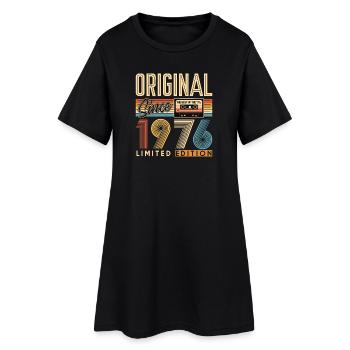 50. Geburtstag, 50 Jahre - Frauen T-Shirt-Kleid - Schwarz - Vorne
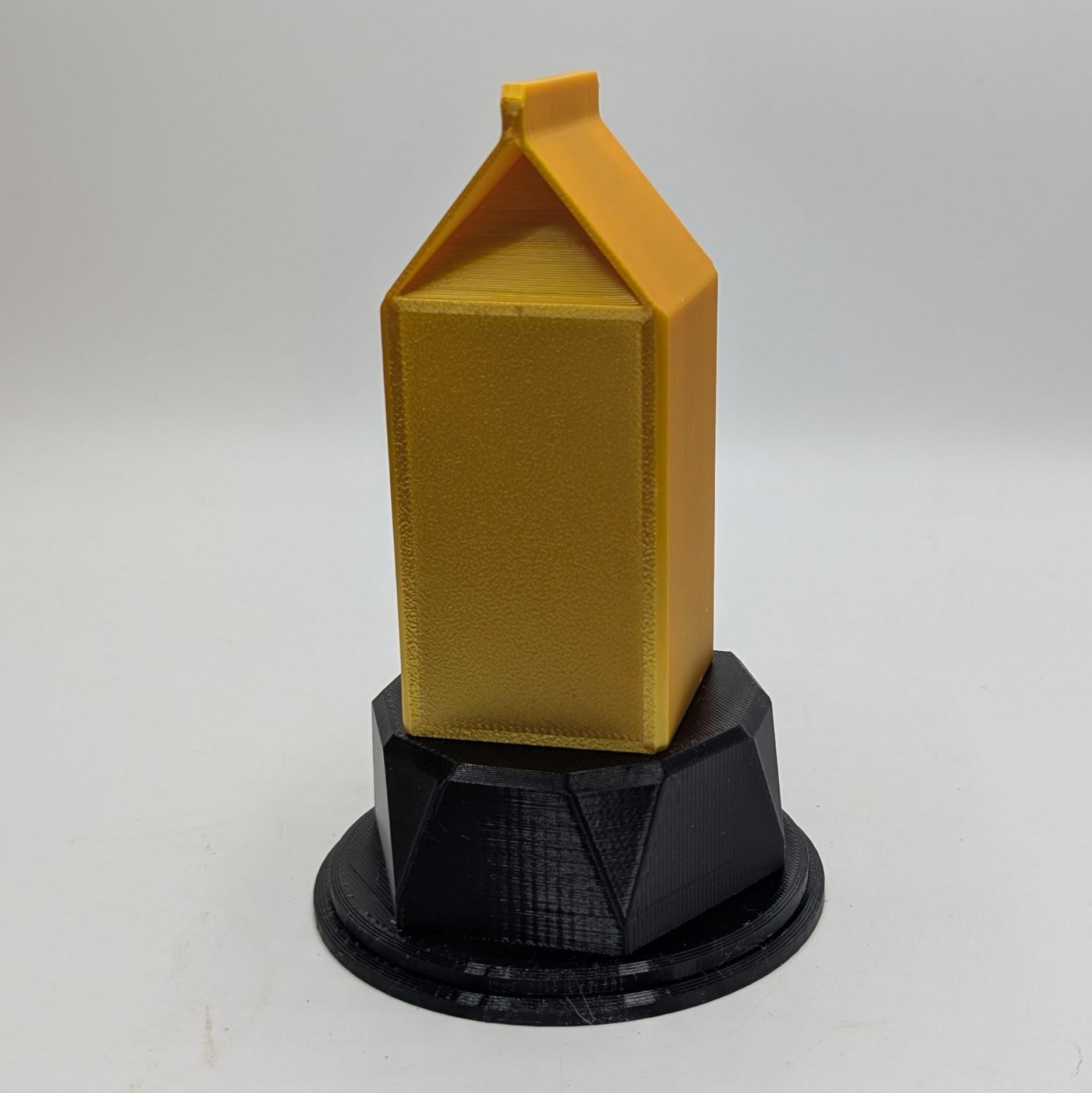 Personalised Milk Trophy, Custom Trophy Gift, Milk Lover Trophy, Milk Award Gift, Milk  Carton Gift, Milk  Lover Gift, Milk Drinker Award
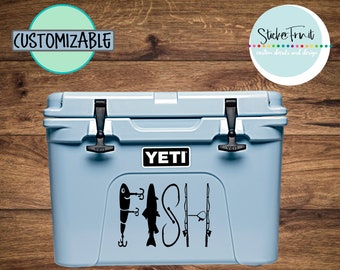 rtic cooler stickers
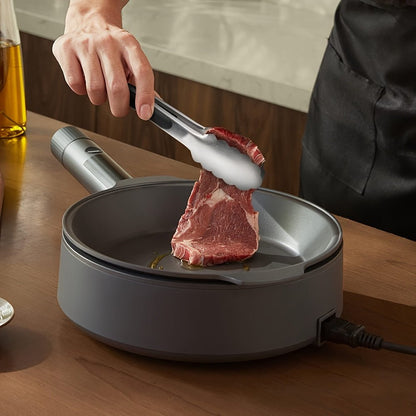 HAUSGOLD - Pinze per griglia e cucina in acciaio inossidabile con manico in silicone, 22,86 cm e 30,48 cm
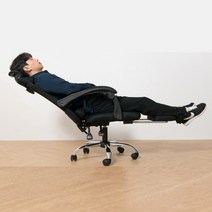 가성비 게이밍 의자 공부용 컴퓨터용 오피스 책상의자, 블랙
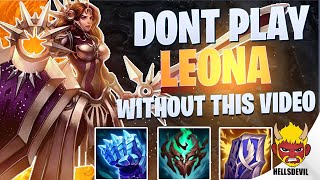 WILD RIFT | Don't Play Leona Without This Video! | Challenger Leona Gameplay | Guide & Build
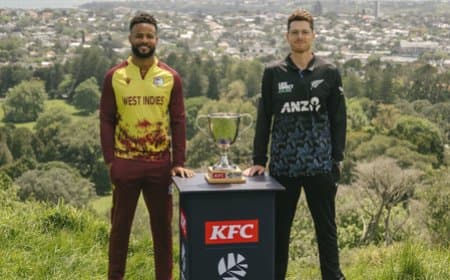 टी20 सीरीज: सेंटनर का अकेला प्रयास असफल, रोमांचक मैच में वेस्टइंडीज ने न्यूजीलैंड को हराया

§ WHAT TO DO
A faithful, picture-free copy of the material is what this task asks for.

§ REPLY
 50. Geburtstag, 50 Jahre - Frauen T-Shirt-Kleid - Schwarz - Vorne
 Personalised Milk Trophy, Custom Trophy Gift, Milk Lover Trophy, Milk Award Gift, Milk  Carton Gift, Milk  Lover Gift, Milk Drinker Award
 rtic cooler stickers
 HAUSGOLD - Pinze per griglia e cucina in acciaio inossidabile con manico in silicone, 22,86 cm e 30,48 cm
 가성비 게이밍 의자 공부용 컴퓨터용 오피스 책상의자, 블랙
 WILD RIFT | Don't Play Leona Without This Video! | Challenger Leona Gameplay | Guide & Build
 टी20 सीरीज: सेंटनर का अकेला प्रयास असफल, रोमांचक मैच में वेस्टइंडीज ने न्यूजीलैंड को हराया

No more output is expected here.